■ Dataset section:
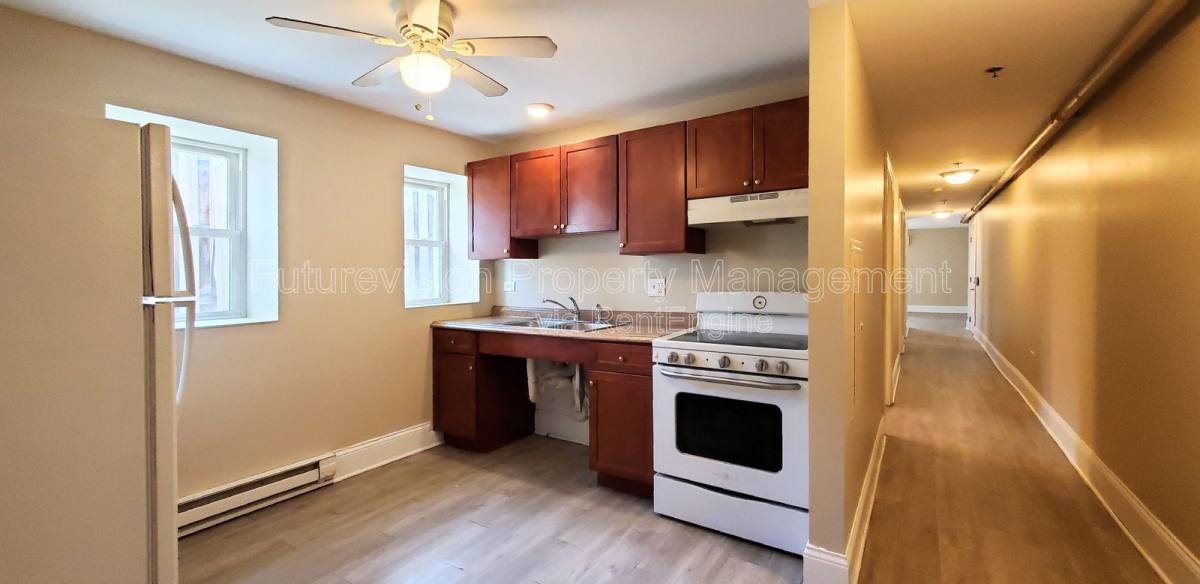 Apartment for rent at 112 N Center St #8, Joliet, IL 60435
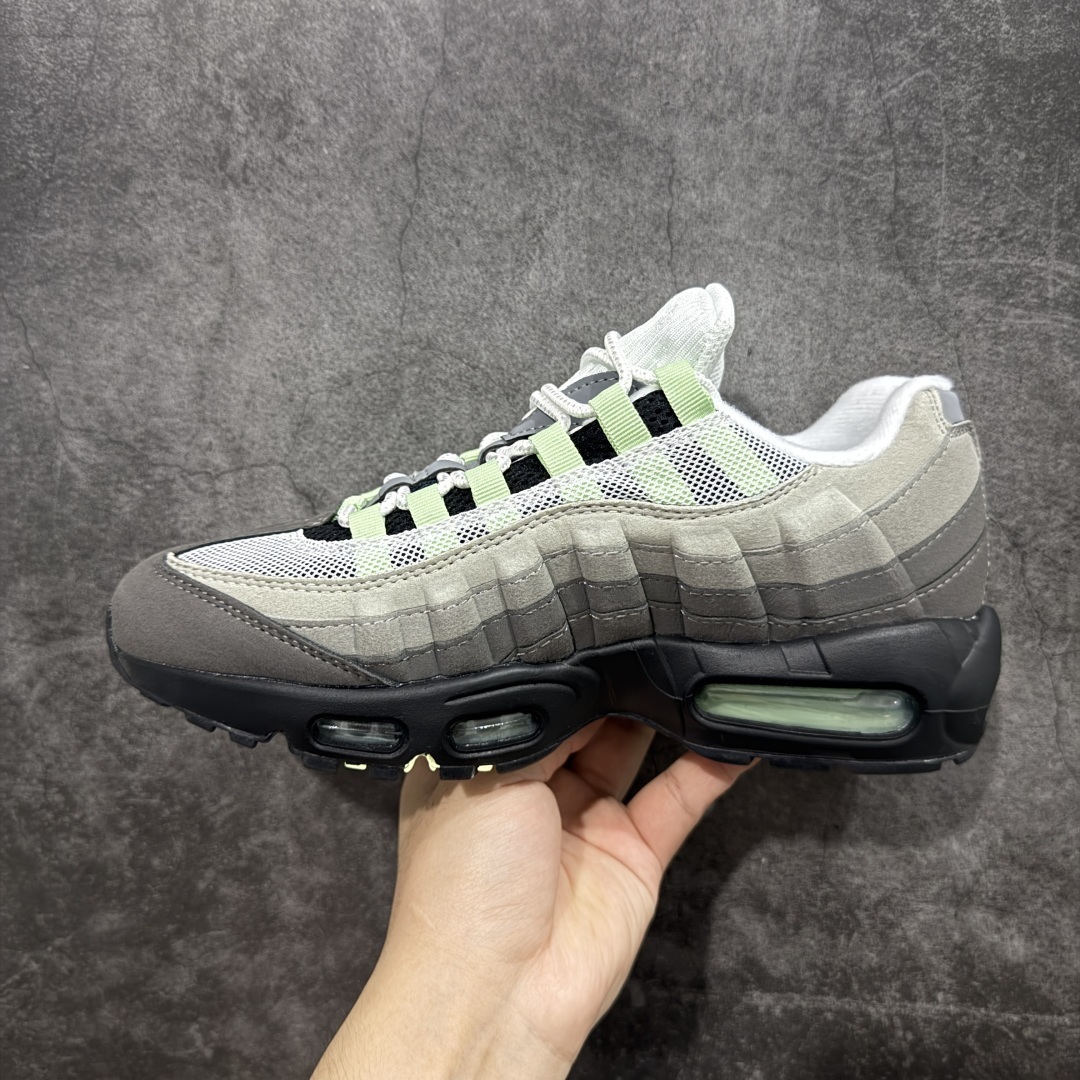 Nike Sneakers SH528018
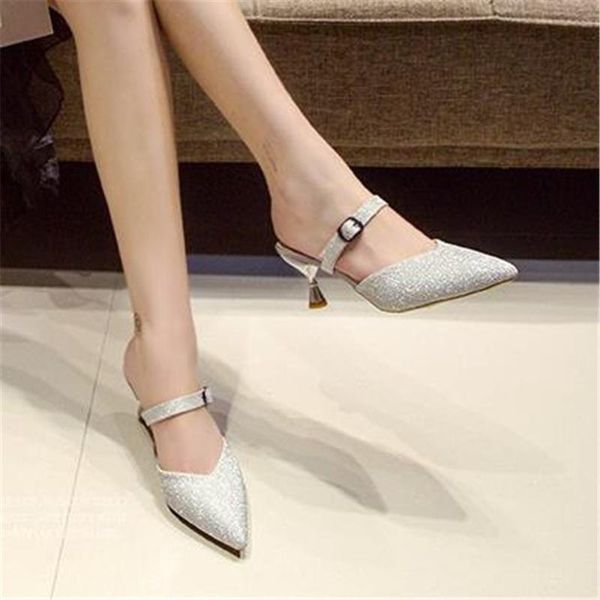 slippers european style fashion simple women wear spring 2021 korean wild stiletto pointed high heel sandals summer, Black
slippers european style fashion simple women wear spring 2021 korean wild stiletto pointed high heel sandals summer, Black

■ About this exercise:
From the first line to the last, retype the data exactly, but omit every image.

■ Answer space:
 Apartment for rent at 112 N Center St #8, Joliet, IL 60435
 Nike Sneakers SH528018
 slippers european style fashion simple women wear spring 2021 korean wild stiletto pointed high heel sandals summer, Black
slippers european style fashion simple women wear spring 2021 korean wild stiletto pointed high heel sandals summer, Black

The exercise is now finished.